Thursday, 10 September 2009

bottom line

isn't it about knowing your bottom line? i mean staying safe, as an adult, from controlling people. easier said than done, but isn't that what it comes down to?

like my colleague and her new partner, like me and relationship and friendship situations which i haven't figured out how to write about in this public forum..

i don't think any of us are safe from being controlled until we know ourselves and like ourselves enough to defend ourselves. til we know how far we will compromise in a relationship (and i include friendships here), and where the immovable line is where we'll stand and defend ourselves, bottom line. and by that i simply mean telling someone i don't want to see them for a while, recognising my need for mental space. being able to stand on my own two feet and state my boundaries, even at the risk of that person fucking off as a result.

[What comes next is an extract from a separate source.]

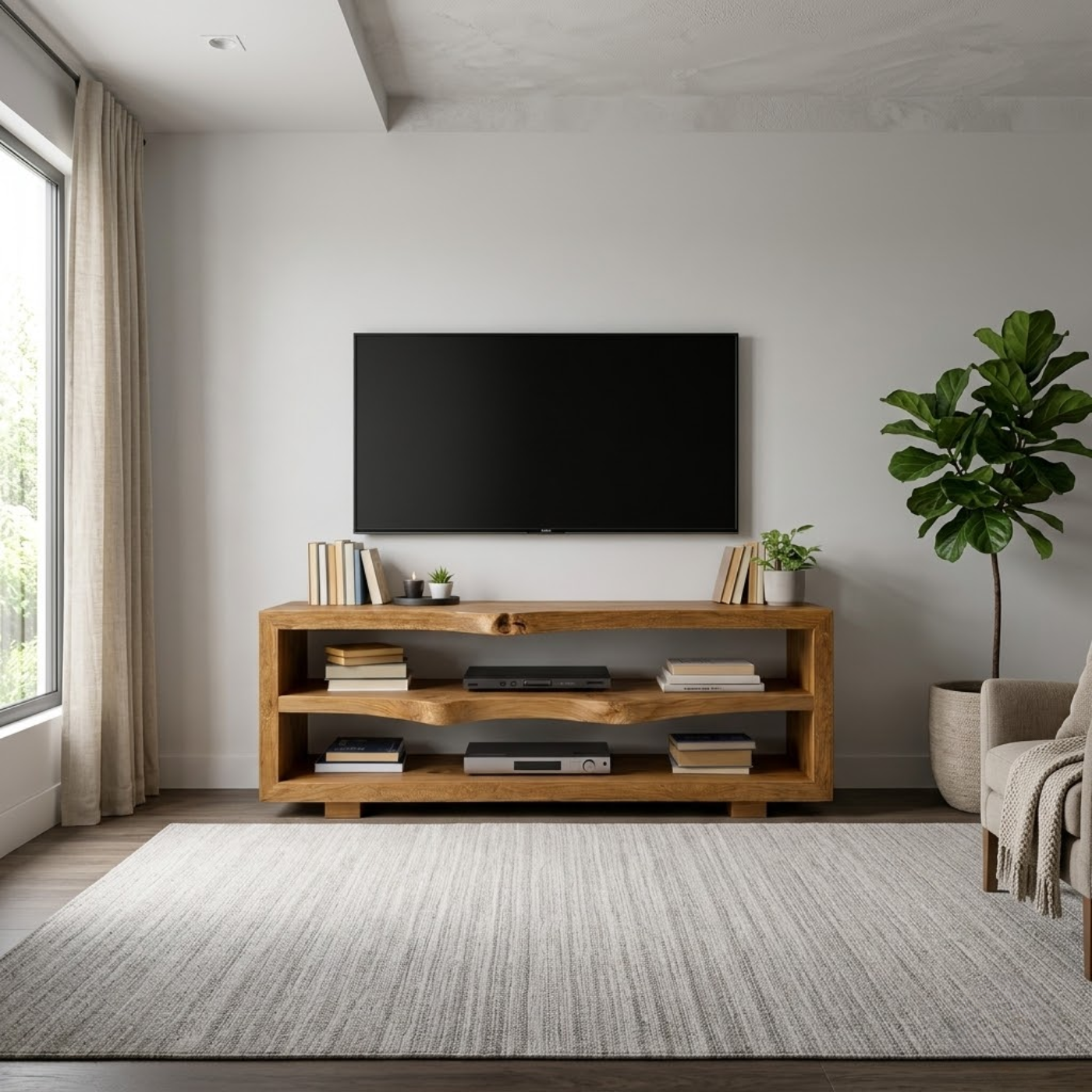 Rustic Solid Wood TV Stand with Open Shelves for Modern Living Rooms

even if we achieve this it's difficult to maintain in the face of all the things that can get us down. and it's so difficult to find a balance where connection, communication, love, negotiation, is happening but where control and domination is avoided. after bad experiences it feels best just not to get too close to anyone - and of course a healing, defensive period is always necessary but i want to find ways to describe how to connect again, in safer ways.

it's about resources too, of course. having the material and psychological resources to be able to cope on one's own if you find you need to extricate yourself from a partnership situation. having the resources to have the strength to fight to defend ourselves. far, far easier said than done. but this involves communities too, right. communities that are able to support someone materially and emotionally while they sort out a situation of crossed boundaries. communities that make it possible for someone to leave a controlling or abusive situation by sharing resources.

i have thought i was strong enough to avoid the bad end of compromise (or is all compromise bad anyway, while negotiation is the good version? i don't chuffing know!) but it turned out again that i didn't know or like who i was enough and let it slide. i feel pretty strong again these days but who knows. that's part of why i'm writing about it, "learning to leave a paper trail": being accountable to my own words can make me safer and perhaps what i write is useful to other people too.

and also i mean to say that control is normal. i just hope for other things, hope for other ways of relating. i need to find other ways of relating.